How many times have you been at a park, bouncy house, or a soccer game and seen a line of parents only half watching the game, but mostly watching their phones?
I hate to say it, but the kids KNOW you are not paying attention. They sense this little device in your hand is much more important than them. They know that only a certain percent is invested in them. On the flip side, of course you don't want them to think the entire world revolves around them at the center of the universe either. It's all about balance. It's about being in the present. This picture on pinterest cracks me up every time I see it:
But seriously, how true is it?! We just can not get enough of these little handy devices.
After reading the blog, I wasn't looking for a massive change like unplugging from the world. Just a small change. Something I could easily do when it came to choosing between looking at a screen, or looking at my kids. So I decided on that day one year ago...

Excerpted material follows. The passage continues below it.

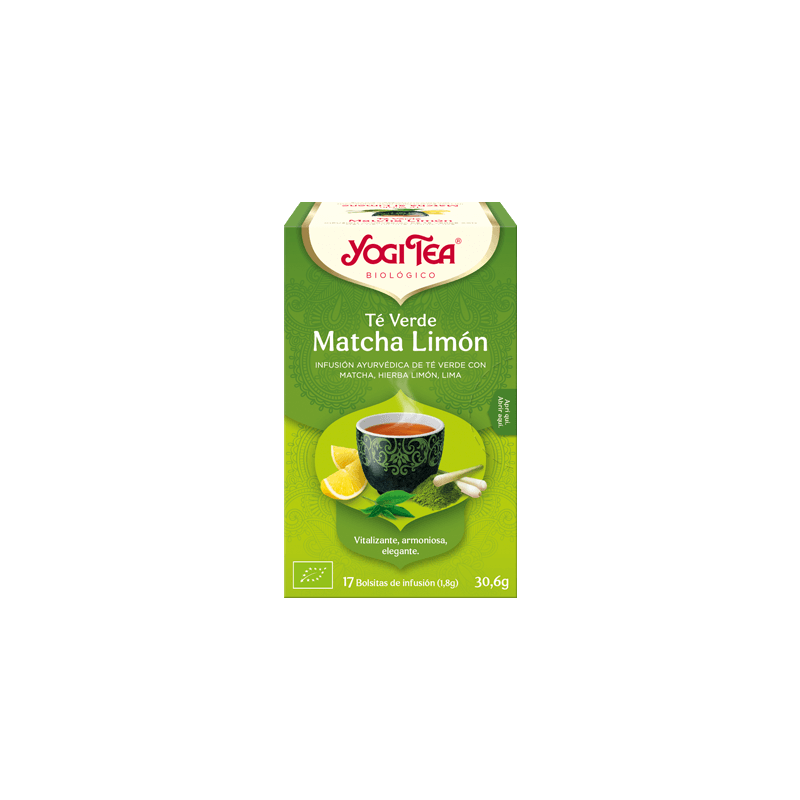 Yogi Tea Tè Verde Matcha Limone 17 bustine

I vowed: If I had the phone in my hand and was using it when a child approached, I would immediately put it down.
That's it. Doesn't seem like much, right?
Every time my girls came into a room and over to me, I put the phone down. Even turned it upside down. I held them in my arms. They sat on my lap and we snuggled. I made a point to look in their eyes when they were asking me whatever question they came to talk to me about. I tried to do it for the entire year. They would come up, phone would go down. Like I said, it wasn't a huge change... but it did make a big change in my heart. Kids are only going to be little for a short time. They are only going to want to hold your hand and sit in your lap for a few short years. Choosing to promote human interaction over an electronic device can not only be a good example for them, but so invest good things into your child's life. I love this sign I came across the other day.
By the way, this doesn't just work on kids. Putting down your technology and paying attention to those around you totally works on spouses and significant others too! So maybe challenge yourself a little this year. My rewards this year were a lot more hugs, a lot more snuggles, a lot more conversations that might not have happened, a lot more looking into my kids eyes and really listening to what they have to say, a lot more trust being built between us, a lot more focusing on the really important things, and a lot more participation in the things going on around me.
Like I said, it was a small resolution but it ending up having a pretty BIG impact. Happy 2014. Make it a good one.